While Mayor Ed Murray is working to implement a plan he says could see all unsheltered residents housed by 2017, untold numbers of people continue to live on Seattle’s sidewalks and in public green spaces, and presumably would continue to do so if Murray’s plan falls short.

A bill making its way though City Council is seeking to give more protections to those people living on public property, requiring in some instances that they are offered an adequate and available place to stay before being removed. Supporters, including District 3 representative Kshama Sawant, say the alternative is to keep shuffling people around without any long term solution.

Drafted by the ACLU and introduced by Council member Mike O’Brien, the bill has stirred up controversy in City Hall for detracting from Murray’s focus on getting all unsheltered residents into permanent housing.

The pot was given another stir over the weekend as draft maps were released by Seattle’s parks and transportation departments showing where the extended protections would apply under O’Brien’s plan.

But the released maps fail to show the areas that could be taken off the list due to unsafe or unsuitable conditions.

As the fine print on one of the maps notes, further analysis would be required to “verify potentially unsuitable areas or the presence of environmentally critical areas or other use restriction.”

seattlehomelesscampingmapmap-of-industrial-streets-and-streets-adjacent-to-public-propertyAs is, the maps show camping protections extended to hundreds miles of sidewalks and thousands of acres of public green space, including some areas on Capitol Hill already mired in controversy over encampments.

Among the areas identified by the Parks department were Washington Park and Arboretum, Madrona Park, and Interlaken Park. Sidewalks identified by SDOT include those around the Seattle Police East Precinct at 12th and Pine, several blocks along 19th Ave E near the Miller Community Center, and the square block surrounding Lowell Elementary and the school’s play field.

Current city protocol requires a 72 hours notice before each sweep, but homeless advocates say there is often no other place for people to go and inadequate policies controlling what happens to personal possessions.

Under O’Brien’s bill, if an area is considered “suitable” and safe, those camping would get 30 days of outreach with offers to stay in appropriate shelter. A 48-hour vacate notice would be issued if the area is deemed unsafe, but more time would be allowed if something could be done to reduce the risk, like clearing the area of hazardous material. In those instances, city workers could also offer safer outdoor areas on public property.

Once a person is officially removed from an encampment, the bill would require the city to catalogue that person’s belonging and and store them for at least 90 days. Violations of the law by the city would result in a $250 fine paid towards the affected person.

O’Brien’s bill would also establish an 11-member panel to advise officials on encampment removals.

At-large City Council member Tim Burgess has strongly denounced the bill, saying it would allow encampments to spread dramatically throughout the city. Critics have also pointed to Portland’s short-lived experiment with expanded urban camping. “This proposed law is not balanced and will do absolutely nothing to move people from homelessness to safe and appropriate housing. Nothing,” Burgess said.
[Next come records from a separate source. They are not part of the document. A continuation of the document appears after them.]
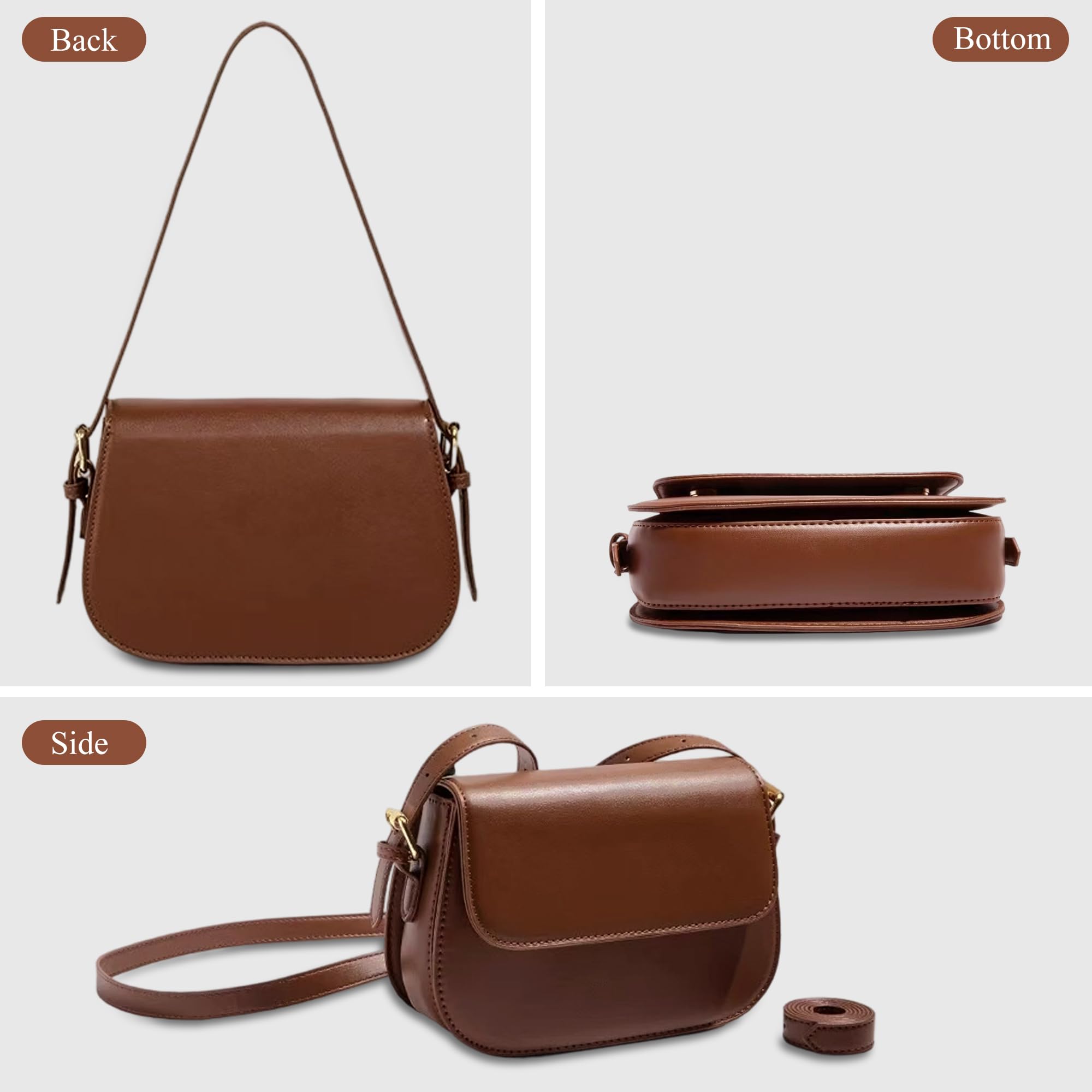 Borsa Donna Tracolla Elegante in Pelle Sintetica – Borsa a Spalla Borsetta a Mano Nera Moda con Tracolla Regolabile per Ufficio, Shopping, Serata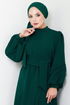 Balloon Sleeves Hijab Evening dress 5527END900-M Emerald - Thumbnail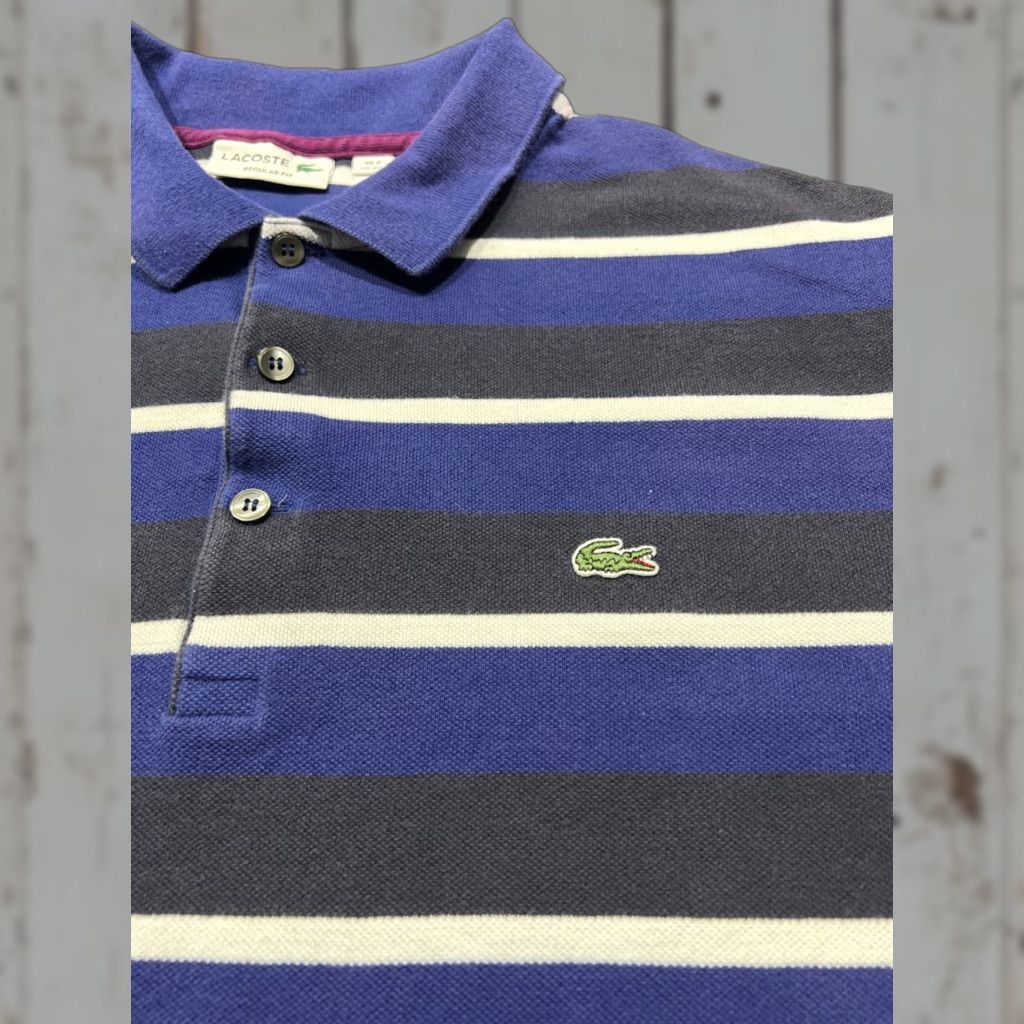 Lacoste VINTAGE Lacoste Men's Polo Shirt Short Sleeve Collared 3XL Blue Striped Tennis Golf Rugby Classic Size US XXL / EU 58 / 5 - 1 Thumbnail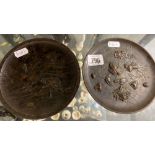 2 ORIENTAL BRONZE DECORATIVE PLATES APPROX 6'' EACH IN DIA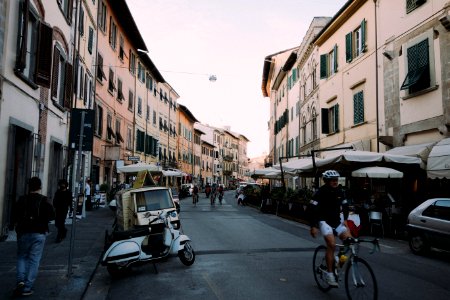 STREET SCENE IN PISA TUSCANY photo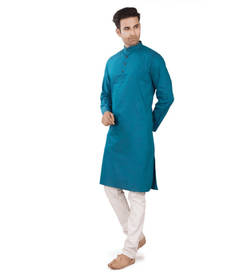 Teal Men Long Kurta (Cotton, Long Sleeve) - M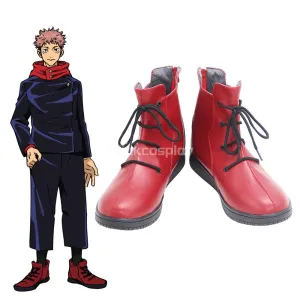 Jujutsu Kaisen Sorcery Fight Yuji Itadori Red Cosplay Shoes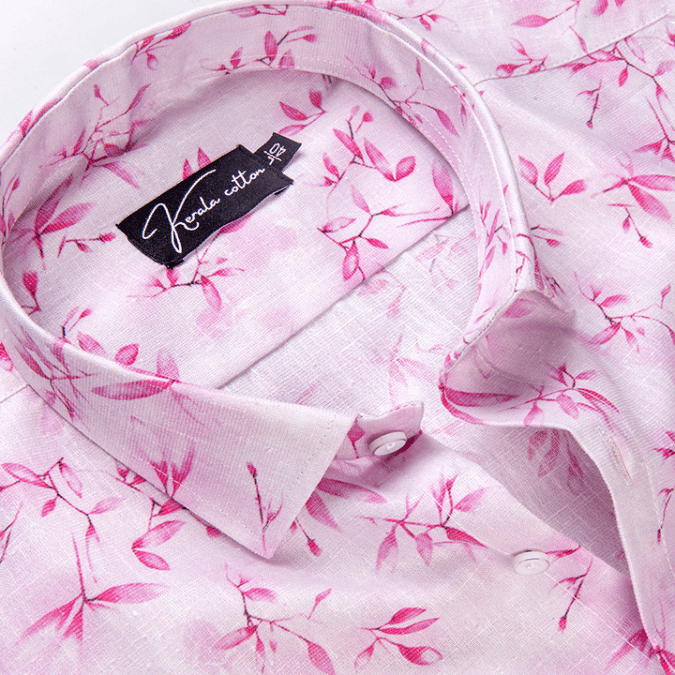 Italian linen White With Pink Batel Print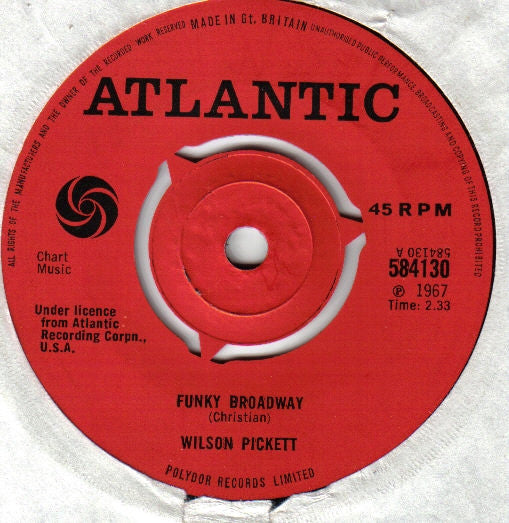 Wilson Pickett : Funky Broadway (7", Single, Thr)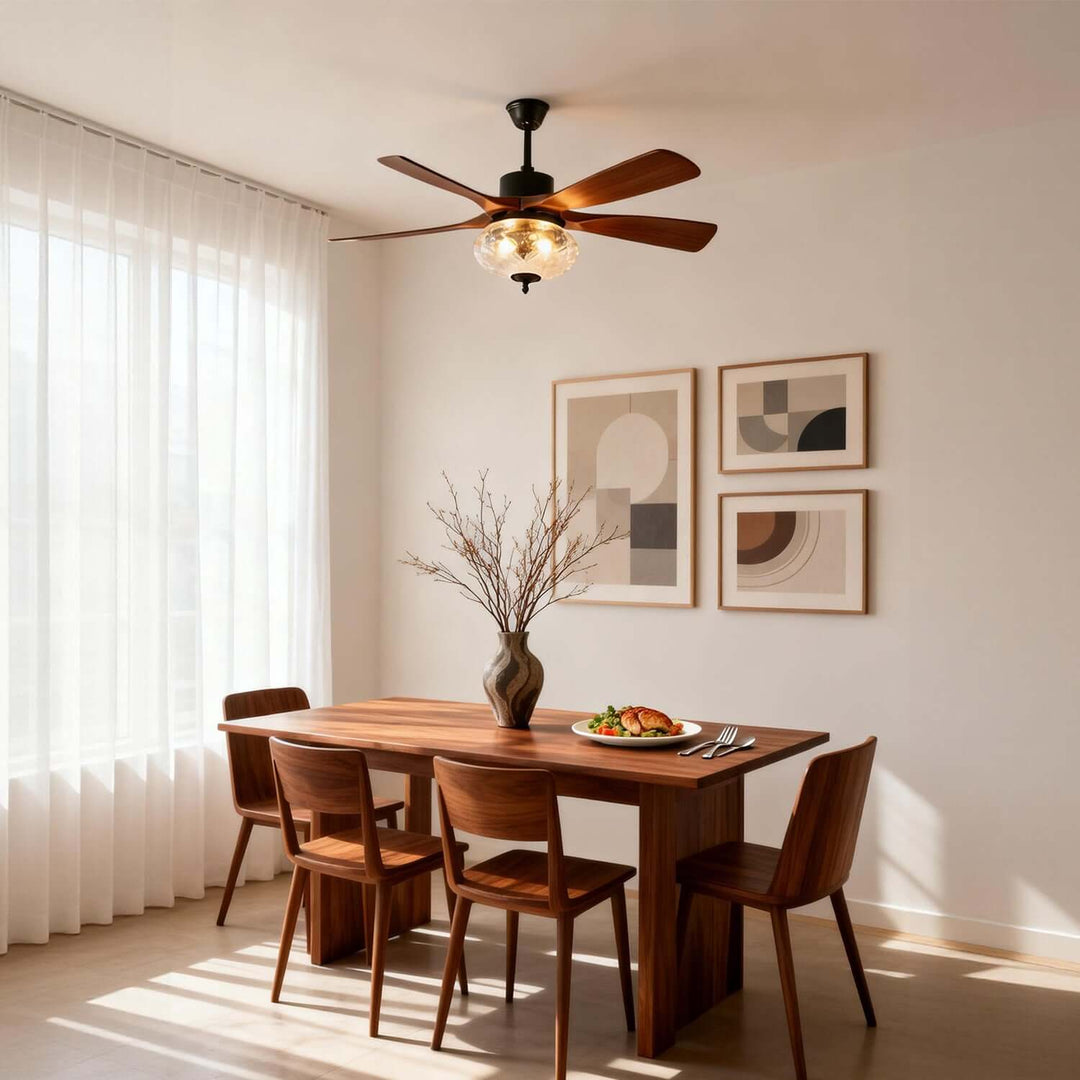 Phrylo Ceiling Fan Light A | French Vintage Glass Light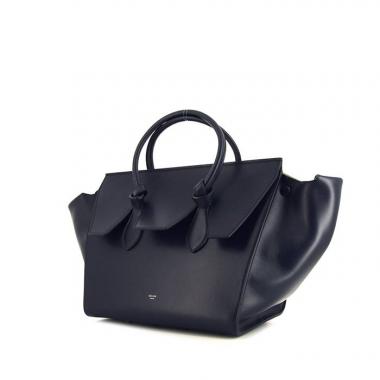 Sac à main Celine Tie Bag moyen modèle en cuir bleu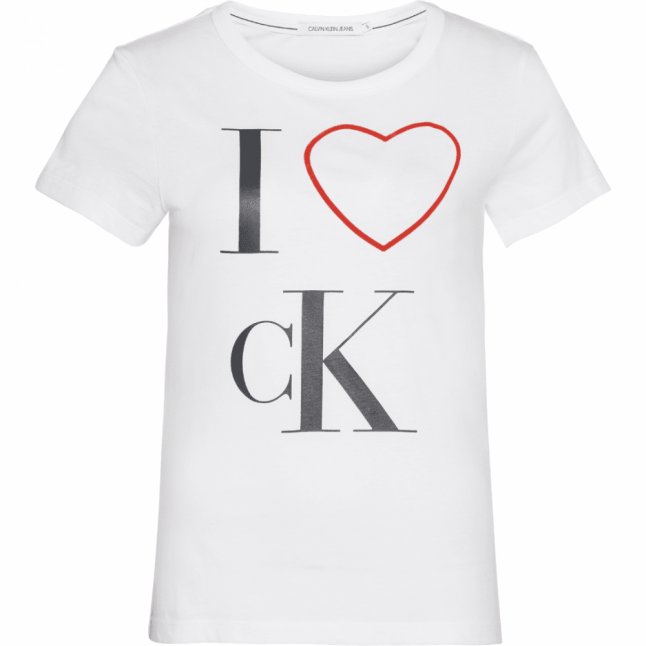 Womens Bright White I Love CK Slim Fit S/s T Shirt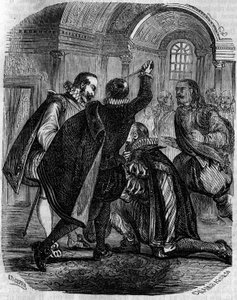 Mordförsök på Jean Chastel (Jean Chatel) (1575-1594) på kungen av Frankrike Henrik IV den 27 december 1594. Gravyr från 1800-talet. av French School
Instead, Burgess is backing the mayor’s homeless plan released in September. Based on the findings of two consultant reports, Murray’s Pathways Home plan calls for dramatically shifting how the city spends some $50 million in annual homeless prevention funding to a so-called “housing first” strategy.

Along with a complex set of efficiencies to be made in the city’s Human Services Department, the plan aims to have all unsheltered people in Seattle sheltered by 2017.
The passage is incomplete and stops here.